- **Exercise**:
The data below is to be transcribed word for word; pictures are to be excluded.

++++++++++++++++++++

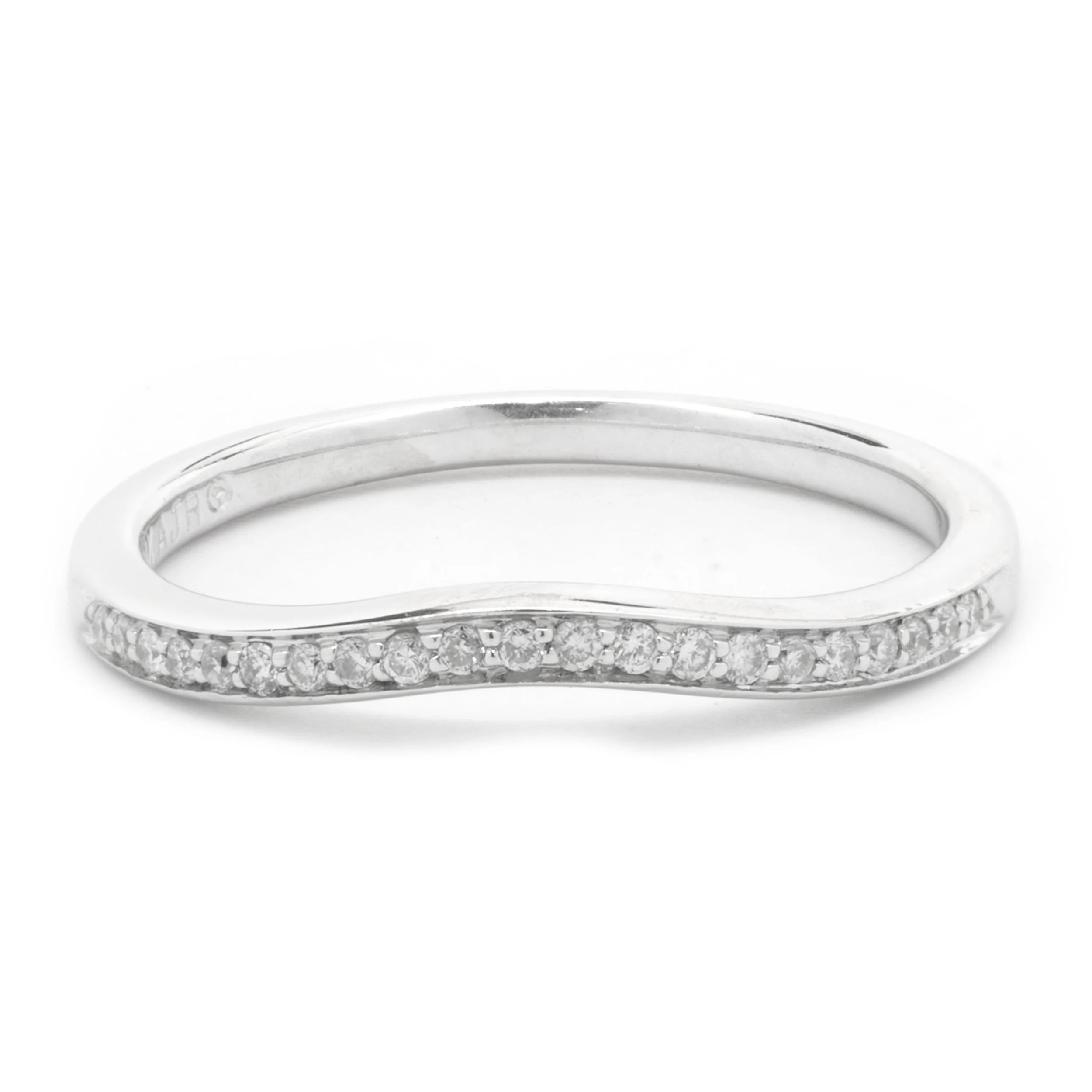 14 Karat White Gold Curved Diamond Band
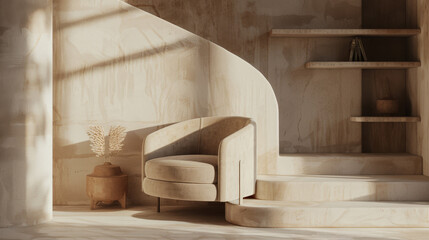 terra cotta accent armchair in spacious room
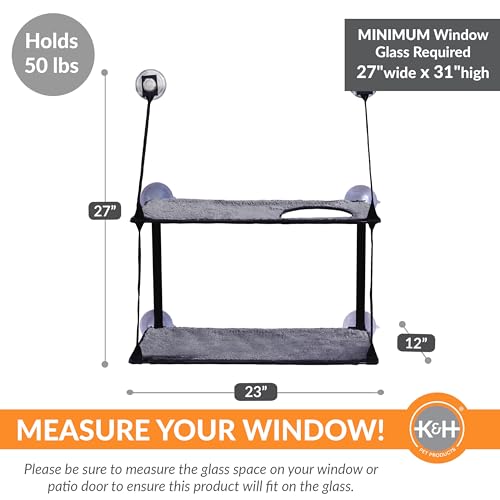 K&H Large Cat Window Perch: Double Shelf Hammock Bed for Cats, Easy Mount & Washable - Image 5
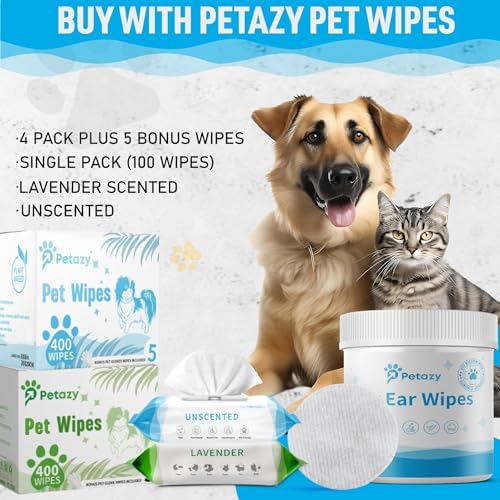 Petazy Dog Ear Wipes for Dog Yeast Wax Itch and Odor | Unscented Dog Ear Cleaner for Dogs | Natural Cleaning Puppy Ear Wipes | Soothing Ear Wipes for Pets Cat | Natural Ingredients | 120 XL Pcs - Image 6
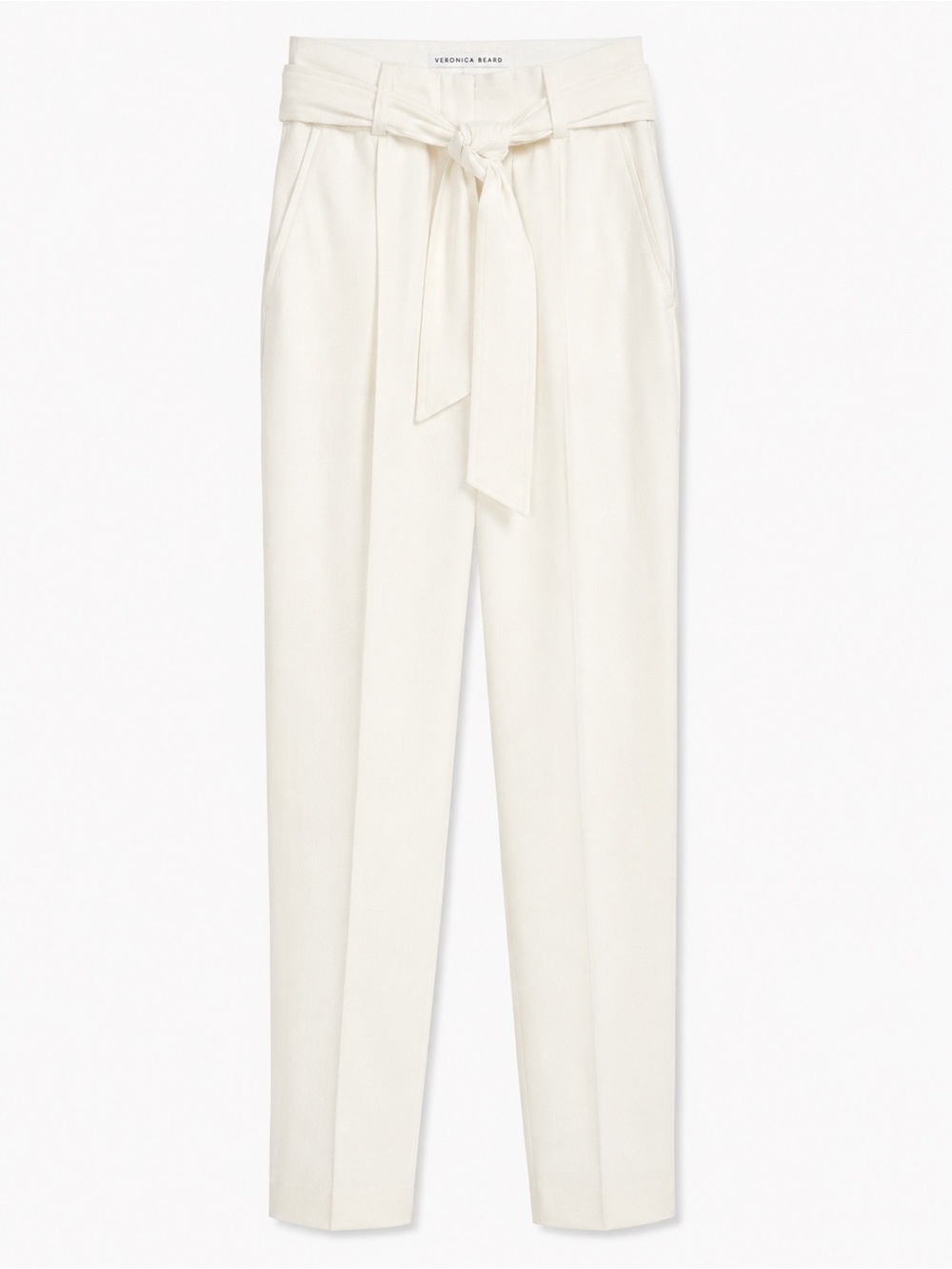 Veronica Beard Clerence White Linen Blend Tie Waist Tapered Pants NWT Size 4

++++++++++++++++++++

- **Result for this exercise**:
 14 Karat White Gold Curved Diamond Band
 terra cotta accent armchair in spacious room
 K&H Large Cat Window Perch: Double Shelf Hammock Bed for Cats, Easy Mount & Washable - Image 5
 Petazy Dog Ear Wipes for Dog Yeast Wax Itch and Odor | Unscented Dog Ear Cleaner for Dogs | Natural Cleaning Puppy Ear Wipes | Soothing Ear Wipes for Pets Cat | Natural Ingredients | 120 XL Pcs - Image 6
 Veronica Beard Clerence White Linen Blend Tie Waist Tapered Pants NWT Size 4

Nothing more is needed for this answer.